In the initial VoD era, later labeled iTV, it was all about turning the video rental market into a networked revenue stream. Before it even started in volumes, internet access became the market maker for DSL and cable. Switched Video Broadcast was introduced as an innovation for delivery of broadcast services across copper-based networks. Finally, VoD and broadcast TV became part of a triple play bundle before the market took off.

Access to attractive content offerings has always been a key issue for on-demand video, to a point where the original services’ VoD offerings could be referred to as “very-old demand.” The worlds of the operators, content owners and consumer electronics manufacturers collided at the triple-play intersection, and a dual vision emerged for managed IPTV services in coexistence with over-the-top video. This pioneering work has resulted in the big boom for the sales of smart TVs or internet TVs during the last three years.
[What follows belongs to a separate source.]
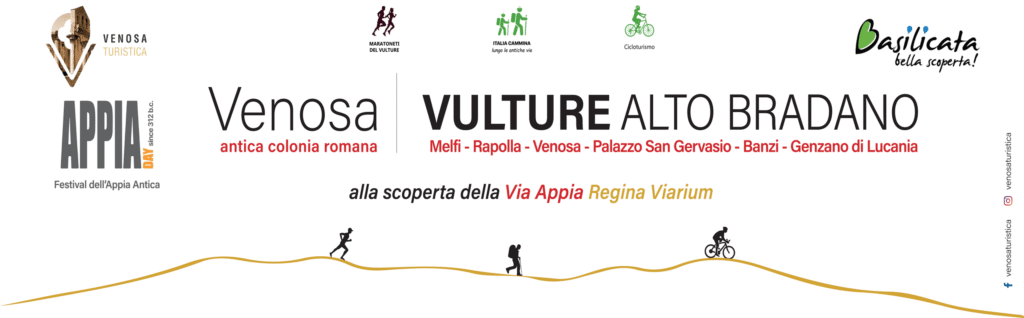 Manifesto per "Appia Day Festival dell'Appia Antica" e "Venosa Vulture Alto Bradano" con info per escursioni e cicloturismo.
The missing links in the large-scale adoption of interactive/on-demand video are now clearly visible. Interactivity/on-demand and personalization goes hand in hand. Interactivity is not a family experience. Interactivity is not only about video consumption. It is about taking national advertising through local to personal ads as an instrumental part of the business model transformation. Users have historically considered the internet and voice as commodities and paid a premium for mobile and video. The center of gravity for interactivity will be where mobile and video meets. The big question is how quickly will we move toward such a “video-all-demand” world?
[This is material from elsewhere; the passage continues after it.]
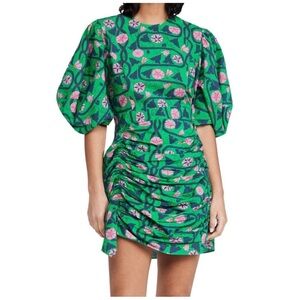 RHODE Green Floral Puff-Sleeve Ruched Mini Dress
Here are my predictions for the future of interactive video:

* Any video offered on-demand has a higher value than linear video. This applies to users as well as advertisers. With live sports being the big exception.
* Personalization of video is here to stay. We have quickly moved from one TV per family toward two to three screens per individual.
* The interactivity has become multifaceted and involves complex relations between multiple screens across ecosystem borders.
* With powerful networks and high-resolution screens in a variety of sizes, two of the main innovation risks are eliminated. Now we can focus on the on multiscreen interactivity and the business model transformation for user fees and advertising revenues.
* The initial vision will be realized. It just took us 25 years to get there, with the next 5 years being the most interesting part of the journey.